G-20 Pandang Perekonomian Global Semakin Membaik

40

JAKARTA-Perekonomian global telah menunjukkan indikasi perbaikan. Indikasi perbaikan ekonomi global tersebut tercermin dari penguatan pertumbuhan di Amerika Serikat, Inggris dan Jepang.

Hal ini mengemuka dalam Pertemuan G-20 Tingkat Menteri Keuangan dan Gubernur Bank Sentral (G-20 MGM) yang dihadiri oleh Gubernur Bank Indonesia (BI), Agus D.W. Martowardojo pada tanggal 22 – 23 Februari 2014 di Sydney, Australia.

Selain itu, berlanjutnya pertumbuhan yang kuat di China dan beberapa negara emerging utama serta mulai tumbuhnya perekonomian di kawasan Euro memberikan sinyal yang positif. Namun di sisi lain, G-20 juga memandang masih terdapat tantangan yang harus terus dikelola. Permintaan global yang melemah, tingginya volatilitas di pasar keuangan, tingginya tingkat utang publik, dan berlanjutnya ketidakseimbangan global serta isu vulnerabilitas di beberapa negara emerging masih menjadi pekerjaan rumah bersama.
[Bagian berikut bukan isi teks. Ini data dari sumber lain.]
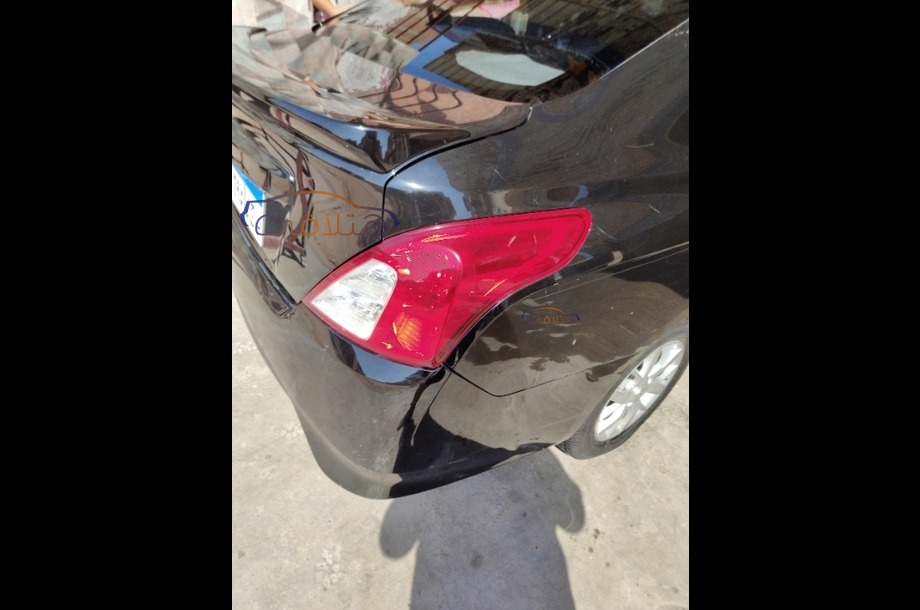 Sunny Nissan أسود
Sebagai upaya konkrit mendorong pertumbuhan ekonomi global, G-20 sepakat untuk menyusun strategi pertumbuhan yang komprehensif (comprehensive growth  strategies) dengan target pertumbuhan yang cukup ambisius. G20 menargetkan pertumbuhan sebesar 2% lebih tinggi di atas proyeksi pertumbuhan saat ini dalam kurun waktu lima tahun ke depan. Target tersebut dinilai cukup ambisius, sehingga perlu diikuti dengan peningkatan kerjasama dan koordinasi antar negara serta langkah-langkah kebijakan di masing-masing negara guna mewujudkan target tersebut. “BI memandang bahwa koordinasi dan collective action tidak hanya diperlukan untuk mengatasi kerentanan terhadap krisis saja, tetapi juga untuk menghapus hambatan-hambatan pertumbuhan. G-20 perlu melakukan upaya lebih keras untuk membawa perekonomian global ke arah fondasi yg lebih kuat, namun perlu menghindari penekanan yang berlebihan terhadap pencapaian pertumbuhan tinggi semata. Aspek kesinambungan dan keseimbangan pertumbuhan perlu tetap diperhatikan”, ujar Agus D.W. Martowardojo dalam keterangan tertulisnya di Jakarta, Jumat (28/2).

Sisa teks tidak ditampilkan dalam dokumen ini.